▶ **Your goal**: Below this line is a set of entries; quote exactly the lines from the line that contains "Before and after image of" to the line that contains "Western blot (WB) analysis", both lines included.

▶ **Records for the task**:
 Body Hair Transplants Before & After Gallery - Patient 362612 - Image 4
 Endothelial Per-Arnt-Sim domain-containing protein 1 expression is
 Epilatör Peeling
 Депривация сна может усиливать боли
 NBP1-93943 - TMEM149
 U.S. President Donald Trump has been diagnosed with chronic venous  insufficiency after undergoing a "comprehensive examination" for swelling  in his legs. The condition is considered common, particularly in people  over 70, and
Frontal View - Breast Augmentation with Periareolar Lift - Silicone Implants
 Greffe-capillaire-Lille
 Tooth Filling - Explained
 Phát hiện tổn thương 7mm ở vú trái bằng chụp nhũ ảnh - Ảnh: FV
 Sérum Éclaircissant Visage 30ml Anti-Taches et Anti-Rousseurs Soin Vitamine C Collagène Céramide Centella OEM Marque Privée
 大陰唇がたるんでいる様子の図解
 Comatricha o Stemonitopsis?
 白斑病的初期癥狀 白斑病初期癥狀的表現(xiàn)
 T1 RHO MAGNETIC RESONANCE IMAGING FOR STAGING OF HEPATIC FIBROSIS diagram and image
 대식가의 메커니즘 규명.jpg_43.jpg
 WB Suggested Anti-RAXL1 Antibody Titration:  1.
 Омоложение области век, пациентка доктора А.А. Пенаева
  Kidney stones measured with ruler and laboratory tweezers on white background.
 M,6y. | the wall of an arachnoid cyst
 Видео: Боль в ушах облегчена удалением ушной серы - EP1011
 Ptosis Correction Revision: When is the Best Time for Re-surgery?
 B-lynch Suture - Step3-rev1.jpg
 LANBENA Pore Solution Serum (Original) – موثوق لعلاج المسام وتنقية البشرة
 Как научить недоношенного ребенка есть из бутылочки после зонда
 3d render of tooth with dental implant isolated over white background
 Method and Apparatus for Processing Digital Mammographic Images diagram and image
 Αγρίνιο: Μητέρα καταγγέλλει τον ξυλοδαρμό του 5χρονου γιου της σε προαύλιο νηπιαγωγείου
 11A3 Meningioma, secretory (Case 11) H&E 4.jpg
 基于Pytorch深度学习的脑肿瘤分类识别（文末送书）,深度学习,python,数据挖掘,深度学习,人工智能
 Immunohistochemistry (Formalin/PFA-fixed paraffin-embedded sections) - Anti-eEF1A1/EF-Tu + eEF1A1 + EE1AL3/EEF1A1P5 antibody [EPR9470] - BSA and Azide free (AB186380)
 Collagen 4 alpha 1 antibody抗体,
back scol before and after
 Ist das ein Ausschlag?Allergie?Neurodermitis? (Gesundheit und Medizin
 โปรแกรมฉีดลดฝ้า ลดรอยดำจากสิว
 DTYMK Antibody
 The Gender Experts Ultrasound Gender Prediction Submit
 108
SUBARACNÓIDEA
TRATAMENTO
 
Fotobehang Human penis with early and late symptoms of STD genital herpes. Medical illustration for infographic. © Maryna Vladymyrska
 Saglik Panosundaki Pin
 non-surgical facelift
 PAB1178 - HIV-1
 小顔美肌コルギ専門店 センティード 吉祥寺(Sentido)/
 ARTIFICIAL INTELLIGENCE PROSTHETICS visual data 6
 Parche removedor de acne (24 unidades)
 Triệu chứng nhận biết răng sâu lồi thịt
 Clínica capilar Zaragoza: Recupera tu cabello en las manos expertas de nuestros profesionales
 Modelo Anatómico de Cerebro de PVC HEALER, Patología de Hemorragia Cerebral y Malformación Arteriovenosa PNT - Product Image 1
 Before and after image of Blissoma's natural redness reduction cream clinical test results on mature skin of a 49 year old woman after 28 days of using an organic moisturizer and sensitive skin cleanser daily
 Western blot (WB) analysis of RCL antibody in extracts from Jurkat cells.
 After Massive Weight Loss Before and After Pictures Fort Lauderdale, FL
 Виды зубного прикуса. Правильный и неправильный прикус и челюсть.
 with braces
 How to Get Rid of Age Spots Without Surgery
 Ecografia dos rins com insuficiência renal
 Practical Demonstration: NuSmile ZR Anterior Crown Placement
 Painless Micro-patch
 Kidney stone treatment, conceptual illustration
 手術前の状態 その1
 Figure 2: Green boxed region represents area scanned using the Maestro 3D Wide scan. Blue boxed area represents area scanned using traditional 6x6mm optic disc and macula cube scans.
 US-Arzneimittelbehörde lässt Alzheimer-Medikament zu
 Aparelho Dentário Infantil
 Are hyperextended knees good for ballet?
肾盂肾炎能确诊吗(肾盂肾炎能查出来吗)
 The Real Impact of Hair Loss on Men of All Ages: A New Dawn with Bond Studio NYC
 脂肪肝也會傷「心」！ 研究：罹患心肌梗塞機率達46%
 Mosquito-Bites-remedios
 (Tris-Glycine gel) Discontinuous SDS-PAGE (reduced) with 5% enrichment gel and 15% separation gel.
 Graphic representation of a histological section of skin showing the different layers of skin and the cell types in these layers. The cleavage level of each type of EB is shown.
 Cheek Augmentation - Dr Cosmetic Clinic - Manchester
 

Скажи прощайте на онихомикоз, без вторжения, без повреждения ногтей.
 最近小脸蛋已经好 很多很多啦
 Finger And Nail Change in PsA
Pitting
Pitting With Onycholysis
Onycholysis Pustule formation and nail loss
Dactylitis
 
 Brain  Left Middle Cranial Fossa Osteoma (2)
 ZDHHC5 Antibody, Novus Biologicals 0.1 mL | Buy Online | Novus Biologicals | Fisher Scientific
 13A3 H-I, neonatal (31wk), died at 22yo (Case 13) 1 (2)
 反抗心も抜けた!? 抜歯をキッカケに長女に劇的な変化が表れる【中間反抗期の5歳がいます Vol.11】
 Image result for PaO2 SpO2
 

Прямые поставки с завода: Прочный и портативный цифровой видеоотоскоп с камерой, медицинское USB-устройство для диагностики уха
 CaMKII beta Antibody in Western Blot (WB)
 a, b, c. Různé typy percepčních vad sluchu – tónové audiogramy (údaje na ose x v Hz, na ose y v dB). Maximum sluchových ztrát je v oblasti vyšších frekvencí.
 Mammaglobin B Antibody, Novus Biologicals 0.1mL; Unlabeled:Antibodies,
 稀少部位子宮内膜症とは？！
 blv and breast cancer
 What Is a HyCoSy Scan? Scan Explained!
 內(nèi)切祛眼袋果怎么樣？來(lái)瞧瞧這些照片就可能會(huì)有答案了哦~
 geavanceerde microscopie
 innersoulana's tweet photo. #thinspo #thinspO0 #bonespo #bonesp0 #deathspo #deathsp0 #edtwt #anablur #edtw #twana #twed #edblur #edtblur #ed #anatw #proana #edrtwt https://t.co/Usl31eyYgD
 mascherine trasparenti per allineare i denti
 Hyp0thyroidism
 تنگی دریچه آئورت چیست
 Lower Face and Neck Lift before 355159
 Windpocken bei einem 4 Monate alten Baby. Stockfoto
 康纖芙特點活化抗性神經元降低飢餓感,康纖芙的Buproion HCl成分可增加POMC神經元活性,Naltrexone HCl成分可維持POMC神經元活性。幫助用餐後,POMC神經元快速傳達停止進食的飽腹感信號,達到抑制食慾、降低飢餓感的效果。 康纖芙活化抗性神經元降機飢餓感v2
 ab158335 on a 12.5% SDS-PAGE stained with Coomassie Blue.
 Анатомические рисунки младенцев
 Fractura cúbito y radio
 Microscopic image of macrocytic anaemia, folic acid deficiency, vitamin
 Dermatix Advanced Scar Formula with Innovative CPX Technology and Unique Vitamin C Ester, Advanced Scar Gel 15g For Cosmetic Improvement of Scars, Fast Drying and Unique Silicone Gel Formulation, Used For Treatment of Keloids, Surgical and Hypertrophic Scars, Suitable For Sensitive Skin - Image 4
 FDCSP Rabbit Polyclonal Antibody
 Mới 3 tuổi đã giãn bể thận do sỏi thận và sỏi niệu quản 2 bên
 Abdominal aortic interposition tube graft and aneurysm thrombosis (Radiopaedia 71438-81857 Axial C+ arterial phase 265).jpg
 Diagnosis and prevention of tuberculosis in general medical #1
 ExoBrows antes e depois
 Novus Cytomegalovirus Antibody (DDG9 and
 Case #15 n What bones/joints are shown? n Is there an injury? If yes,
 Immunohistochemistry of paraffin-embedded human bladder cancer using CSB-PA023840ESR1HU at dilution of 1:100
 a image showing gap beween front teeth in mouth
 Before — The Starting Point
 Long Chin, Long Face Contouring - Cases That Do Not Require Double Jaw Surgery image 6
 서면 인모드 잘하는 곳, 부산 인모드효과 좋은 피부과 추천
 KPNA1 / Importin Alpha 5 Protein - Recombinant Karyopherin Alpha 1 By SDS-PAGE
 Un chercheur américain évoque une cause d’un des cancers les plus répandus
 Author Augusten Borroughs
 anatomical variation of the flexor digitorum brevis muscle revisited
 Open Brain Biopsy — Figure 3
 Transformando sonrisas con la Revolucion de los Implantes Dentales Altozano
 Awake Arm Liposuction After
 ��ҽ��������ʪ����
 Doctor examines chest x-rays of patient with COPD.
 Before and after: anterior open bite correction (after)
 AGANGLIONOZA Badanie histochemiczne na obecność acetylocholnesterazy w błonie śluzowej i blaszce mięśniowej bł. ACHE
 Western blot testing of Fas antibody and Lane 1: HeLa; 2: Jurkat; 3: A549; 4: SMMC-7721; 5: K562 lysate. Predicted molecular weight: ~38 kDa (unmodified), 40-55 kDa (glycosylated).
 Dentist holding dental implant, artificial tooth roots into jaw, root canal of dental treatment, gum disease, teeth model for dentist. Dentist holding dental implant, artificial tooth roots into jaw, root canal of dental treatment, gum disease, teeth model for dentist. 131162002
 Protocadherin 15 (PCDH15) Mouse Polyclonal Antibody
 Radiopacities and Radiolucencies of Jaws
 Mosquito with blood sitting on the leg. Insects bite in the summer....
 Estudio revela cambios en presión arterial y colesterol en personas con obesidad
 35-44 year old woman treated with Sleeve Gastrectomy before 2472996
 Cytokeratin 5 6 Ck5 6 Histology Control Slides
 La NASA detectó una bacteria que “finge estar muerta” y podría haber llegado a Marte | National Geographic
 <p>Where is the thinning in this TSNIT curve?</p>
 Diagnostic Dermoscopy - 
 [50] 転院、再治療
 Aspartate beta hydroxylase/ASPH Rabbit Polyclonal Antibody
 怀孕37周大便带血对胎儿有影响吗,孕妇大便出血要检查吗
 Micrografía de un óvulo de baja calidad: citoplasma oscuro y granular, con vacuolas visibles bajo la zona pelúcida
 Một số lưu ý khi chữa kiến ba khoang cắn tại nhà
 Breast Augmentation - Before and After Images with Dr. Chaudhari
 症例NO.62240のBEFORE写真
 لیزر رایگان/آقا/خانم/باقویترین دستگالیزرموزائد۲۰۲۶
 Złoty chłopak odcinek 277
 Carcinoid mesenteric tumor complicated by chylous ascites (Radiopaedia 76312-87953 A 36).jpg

▶ **Solution to the exercise**:
 Before and after image of Blissoma's natural redness reduction cream clinical test results on mature skin of a 49 year old woman after 28 days of using an organic moisturizer and sensitive skin cleanser daily
 Western blot (WB) analysis of RCL antibody in extracts from Jurkat cells.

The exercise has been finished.